Added for head-lamp back-up and high efficiency:
1 - Gerber Ultra Task 1-AA: 6 Lumens wide angle beam; 30-32hr life; pocket/hat clip; machined alloy aluminum and o-ring sealed tail-cap; no switches to fail, just twist the tail-cap to make battery contact; circuitry enhances light output throughout battery life for maximizing batteries; very compact...END EDIT.

AAA batteries: 1,000 mAhr NiMH** - 8; 800 mAhr NiMH - 6; Alkaline - 14
AA batteries: 2,650 mAhr NiMH** - 4; EDIT: 1,400 mAhr NiMH - 4; Alkaline - 12 END EDIT.
** daily use...Alkaline batteries for emergency back-up only.

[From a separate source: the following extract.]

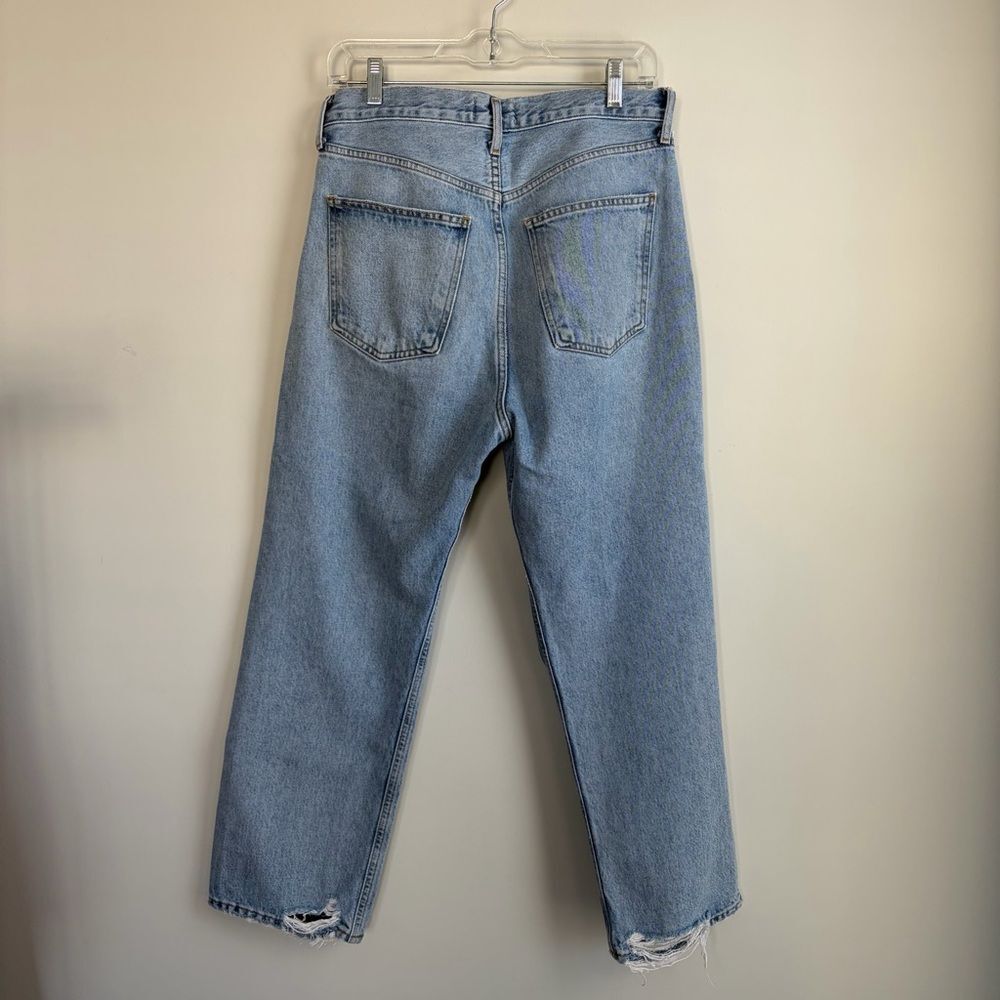 AGOLDE 90s Crop Jeans Echo Blue High Rise Denim Light Wash Destroyed - Picture 5 of 6
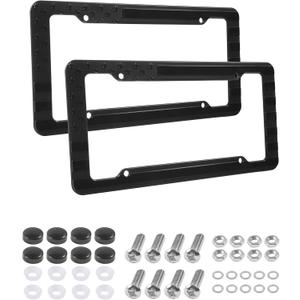 SCUARI 2PCS License Plate Frames,Car Accessories Licence Plate Frame Holder,Embossed 3D Black American Flag License Plate,Used to Front and Rear Car Tags,Suitable for Cars,Trucks,Vans and SUVs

Rapid-rate NiMH charger - 15 minute Energizer with 12 VDC lighter adapter; max current draw = 5 amps; fan cooled; capable of charging 1-4 batteries in any AA/AAA size/qty combination via individual charging circuits (used for daily carry vehicle recharging, will rely on this as part of my home bug-in and/or bug-out use as well...have 2 additional 2-4 cell chargers @ home, and all chargers are AC/DC capable)

*SHELTER & SLEEPING*:
1 - 5*F rated mummy bag, double-layer overlapping tubular insulation, 3\" zipper draft tube, shoulder draft collar, shoulder stuff sack with 4 lateral compression straps, top flap and corded closure [4lb-4.7oz]
1 - poly tarp, 8\' x 10\' heavy-duty, (10 mil, 175 GSM, 14 x 14 standard weave), silver/black reversible (use black to absorb radiant thermal energy (sunlight), use silver to reflect short-wave radiation onto your body (from fire)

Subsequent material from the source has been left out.